***** Data extract

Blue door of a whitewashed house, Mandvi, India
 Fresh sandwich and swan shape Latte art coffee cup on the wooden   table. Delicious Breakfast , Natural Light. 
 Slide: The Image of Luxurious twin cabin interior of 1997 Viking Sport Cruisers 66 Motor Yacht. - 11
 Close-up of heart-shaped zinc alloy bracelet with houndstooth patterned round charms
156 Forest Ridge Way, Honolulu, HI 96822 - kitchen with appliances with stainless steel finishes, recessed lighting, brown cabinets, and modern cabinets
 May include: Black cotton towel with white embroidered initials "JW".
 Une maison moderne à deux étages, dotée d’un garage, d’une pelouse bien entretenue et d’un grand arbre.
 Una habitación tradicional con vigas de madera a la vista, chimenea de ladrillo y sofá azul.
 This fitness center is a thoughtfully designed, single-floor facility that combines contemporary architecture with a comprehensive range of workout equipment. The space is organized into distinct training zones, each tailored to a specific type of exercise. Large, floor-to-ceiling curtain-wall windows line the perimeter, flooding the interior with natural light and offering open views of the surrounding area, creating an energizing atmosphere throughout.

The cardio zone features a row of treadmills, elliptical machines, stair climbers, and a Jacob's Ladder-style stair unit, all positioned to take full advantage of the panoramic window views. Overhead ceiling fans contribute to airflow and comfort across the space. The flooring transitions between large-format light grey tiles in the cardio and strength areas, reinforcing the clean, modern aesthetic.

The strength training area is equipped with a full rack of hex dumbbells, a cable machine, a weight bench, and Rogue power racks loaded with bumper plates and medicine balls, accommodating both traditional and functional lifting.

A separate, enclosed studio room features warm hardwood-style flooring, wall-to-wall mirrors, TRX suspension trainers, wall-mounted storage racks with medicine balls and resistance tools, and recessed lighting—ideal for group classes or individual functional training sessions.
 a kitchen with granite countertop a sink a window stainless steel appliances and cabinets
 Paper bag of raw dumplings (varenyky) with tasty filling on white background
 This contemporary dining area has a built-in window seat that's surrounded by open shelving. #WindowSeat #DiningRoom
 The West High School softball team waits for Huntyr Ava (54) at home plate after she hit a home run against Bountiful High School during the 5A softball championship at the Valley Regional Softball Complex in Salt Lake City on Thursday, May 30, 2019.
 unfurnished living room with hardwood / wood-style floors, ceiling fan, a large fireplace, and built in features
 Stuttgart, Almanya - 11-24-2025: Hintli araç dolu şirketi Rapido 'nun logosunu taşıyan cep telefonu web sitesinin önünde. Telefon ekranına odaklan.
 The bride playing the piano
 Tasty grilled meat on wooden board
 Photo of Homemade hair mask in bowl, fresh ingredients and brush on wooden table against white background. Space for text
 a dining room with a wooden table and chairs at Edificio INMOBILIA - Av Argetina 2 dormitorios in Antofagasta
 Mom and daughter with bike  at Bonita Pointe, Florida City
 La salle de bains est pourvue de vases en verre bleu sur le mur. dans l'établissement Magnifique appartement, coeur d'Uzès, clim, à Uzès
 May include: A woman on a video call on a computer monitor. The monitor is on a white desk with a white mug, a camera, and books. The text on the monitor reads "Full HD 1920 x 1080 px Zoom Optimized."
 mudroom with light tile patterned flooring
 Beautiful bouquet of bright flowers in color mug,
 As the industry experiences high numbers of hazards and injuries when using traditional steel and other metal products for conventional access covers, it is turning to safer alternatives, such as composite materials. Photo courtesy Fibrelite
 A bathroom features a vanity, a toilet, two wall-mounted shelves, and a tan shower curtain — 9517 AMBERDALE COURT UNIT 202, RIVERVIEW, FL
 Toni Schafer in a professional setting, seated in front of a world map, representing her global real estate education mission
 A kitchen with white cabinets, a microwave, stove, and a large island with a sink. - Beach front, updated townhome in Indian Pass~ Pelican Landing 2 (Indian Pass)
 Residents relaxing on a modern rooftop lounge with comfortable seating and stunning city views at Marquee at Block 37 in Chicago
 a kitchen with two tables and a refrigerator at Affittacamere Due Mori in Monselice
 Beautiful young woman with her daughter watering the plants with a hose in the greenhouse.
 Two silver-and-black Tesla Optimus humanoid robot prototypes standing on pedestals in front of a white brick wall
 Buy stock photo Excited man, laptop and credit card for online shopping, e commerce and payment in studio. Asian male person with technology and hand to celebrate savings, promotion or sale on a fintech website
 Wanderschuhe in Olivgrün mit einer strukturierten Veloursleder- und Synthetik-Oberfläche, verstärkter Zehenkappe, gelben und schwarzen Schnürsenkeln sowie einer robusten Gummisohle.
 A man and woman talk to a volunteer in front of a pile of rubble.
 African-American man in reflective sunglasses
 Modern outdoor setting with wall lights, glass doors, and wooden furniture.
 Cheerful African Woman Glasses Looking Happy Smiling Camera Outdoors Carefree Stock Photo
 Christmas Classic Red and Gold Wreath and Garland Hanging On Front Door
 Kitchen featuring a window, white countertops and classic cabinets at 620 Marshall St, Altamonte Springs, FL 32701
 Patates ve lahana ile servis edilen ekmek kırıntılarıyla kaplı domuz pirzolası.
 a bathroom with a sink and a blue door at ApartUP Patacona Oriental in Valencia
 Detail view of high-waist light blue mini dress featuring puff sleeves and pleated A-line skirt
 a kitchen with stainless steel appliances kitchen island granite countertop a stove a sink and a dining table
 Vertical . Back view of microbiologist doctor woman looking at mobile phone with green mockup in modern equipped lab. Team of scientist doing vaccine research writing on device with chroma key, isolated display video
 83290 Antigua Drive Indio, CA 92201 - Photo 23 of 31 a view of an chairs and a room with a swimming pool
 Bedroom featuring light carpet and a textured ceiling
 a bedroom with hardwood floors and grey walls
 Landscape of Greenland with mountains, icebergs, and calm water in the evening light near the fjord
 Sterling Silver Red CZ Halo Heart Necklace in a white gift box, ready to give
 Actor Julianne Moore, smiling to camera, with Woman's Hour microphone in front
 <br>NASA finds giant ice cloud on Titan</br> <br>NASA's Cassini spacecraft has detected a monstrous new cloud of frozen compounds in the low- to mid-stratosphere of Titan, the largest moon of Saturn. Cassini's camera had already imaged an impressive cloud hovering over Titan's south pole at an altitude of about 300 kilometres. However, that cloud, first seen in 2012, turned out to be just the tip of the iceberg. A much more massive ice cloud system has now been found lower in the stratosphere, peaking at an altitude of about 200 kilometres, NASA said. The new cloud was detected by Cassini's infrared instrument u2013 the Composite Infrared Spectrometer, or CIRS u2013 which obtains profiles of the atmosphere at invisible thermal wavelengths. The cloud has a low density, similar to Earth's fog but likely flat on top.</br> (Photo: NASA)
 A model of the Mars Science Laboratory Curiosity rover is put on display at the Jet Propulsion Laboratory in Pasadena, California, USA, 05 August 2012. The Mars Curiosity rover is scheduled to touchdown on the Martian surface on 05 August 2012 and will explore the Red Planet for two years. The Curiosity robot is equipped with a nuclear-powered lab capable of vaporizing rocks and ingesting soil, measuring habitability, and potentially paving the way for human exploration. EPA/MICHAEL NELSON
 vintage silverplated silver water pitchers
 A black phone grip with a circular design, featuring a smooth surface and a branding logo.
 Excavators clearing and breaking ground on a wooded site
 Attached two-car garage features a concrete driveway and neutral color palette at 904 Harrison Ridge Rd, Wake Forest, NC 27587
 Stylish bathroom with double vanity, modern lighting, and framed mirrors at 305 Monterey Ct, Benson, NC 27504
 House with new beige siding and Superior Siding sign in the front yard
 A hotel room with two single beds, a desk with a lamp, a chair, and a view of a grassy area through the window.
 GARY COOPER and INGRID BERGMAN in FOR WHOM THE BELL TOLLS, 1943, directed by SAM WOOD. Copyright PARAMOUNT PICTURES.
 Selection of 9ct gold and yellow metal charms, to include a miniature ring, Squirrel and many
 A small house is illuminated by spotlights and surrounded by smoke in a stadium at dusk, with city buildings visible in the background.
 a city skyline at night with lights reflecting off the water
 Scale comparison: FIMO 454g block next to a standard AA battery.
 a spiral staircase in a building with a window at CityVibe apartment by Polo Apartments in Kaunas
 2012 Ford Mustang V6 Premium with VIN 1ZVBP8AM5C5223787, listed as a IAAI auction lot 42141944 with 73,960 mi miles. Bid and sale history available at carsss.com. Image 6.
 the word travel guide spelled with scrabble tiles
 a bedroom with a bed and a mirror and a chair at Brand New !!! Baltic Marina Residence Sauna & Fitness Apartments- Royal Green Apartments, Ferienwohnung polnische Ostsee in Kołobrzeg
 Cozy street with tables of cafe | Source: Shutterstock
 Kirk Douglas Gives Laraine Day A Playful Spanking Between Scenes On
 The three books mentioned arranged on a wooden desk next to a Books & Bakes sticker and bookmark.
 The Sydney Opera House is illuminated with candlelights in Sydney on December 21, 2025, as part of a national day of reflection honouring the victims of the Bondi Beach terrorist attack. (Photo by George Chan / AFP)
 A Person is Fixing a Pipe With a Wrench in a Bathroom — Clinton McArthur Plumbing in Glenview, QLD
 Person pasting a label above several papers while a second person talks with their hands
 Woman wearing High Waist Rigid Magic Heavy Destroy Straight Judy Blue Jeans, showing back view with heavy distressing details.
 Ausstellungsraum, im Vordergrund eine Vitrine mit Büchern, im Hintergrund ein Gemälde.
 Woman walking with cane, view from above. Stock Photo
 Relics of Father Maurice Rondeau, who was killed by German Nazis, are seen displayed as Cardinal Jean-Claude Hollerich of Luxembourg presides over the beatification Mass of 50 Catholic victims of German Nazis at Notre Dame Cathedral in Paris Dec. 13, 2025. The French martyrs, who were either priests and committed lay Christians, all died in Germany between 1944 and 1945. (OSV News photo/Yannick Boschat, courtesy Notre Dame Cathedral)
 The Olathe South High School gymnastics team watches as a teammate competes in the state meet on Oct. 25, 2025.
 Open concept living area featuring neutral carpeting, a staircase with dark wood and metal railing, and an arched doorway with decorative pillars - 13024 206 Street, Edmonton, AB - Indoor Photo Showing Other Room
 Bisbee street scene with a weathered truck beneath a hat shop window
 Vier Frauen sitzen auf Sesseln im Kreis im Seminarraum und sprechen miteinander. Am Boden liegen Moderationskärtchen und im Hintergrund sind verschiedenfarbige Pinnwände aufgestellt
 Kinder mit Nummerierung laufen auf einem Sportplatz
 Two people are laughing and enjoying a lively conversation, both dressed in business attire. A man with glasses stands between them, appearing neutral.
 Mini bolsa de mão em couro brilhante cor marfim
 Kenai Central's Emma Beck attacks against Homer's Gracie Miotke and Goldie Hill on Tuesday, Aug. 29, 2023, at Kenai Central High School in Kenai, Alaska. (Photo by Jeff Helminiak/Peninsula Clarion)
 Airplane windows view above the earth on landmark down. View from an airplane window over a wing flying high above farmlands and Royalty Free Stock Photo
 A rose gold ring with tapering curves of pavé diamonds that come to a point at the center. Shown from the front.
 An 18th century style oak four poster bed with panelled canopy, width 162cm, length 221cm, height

**********

What is required
Above are the lines; repeat exactly the ones from the line containing "Attached two-car garage" down to the line containing "House with new", both inclusive.

Answer for this exercise
 Attached two-car garage features a concrete driveway and neutral color palette at 904 Harrison Ridge Rd, Wake Forest, NC 27587
 Stylish bathroom with double vanity, modern lighting, and framed mirrors at 305 Monterey Ct, Benson, NC 27504
 House with new beige siding and Superior Siding sign in the front yard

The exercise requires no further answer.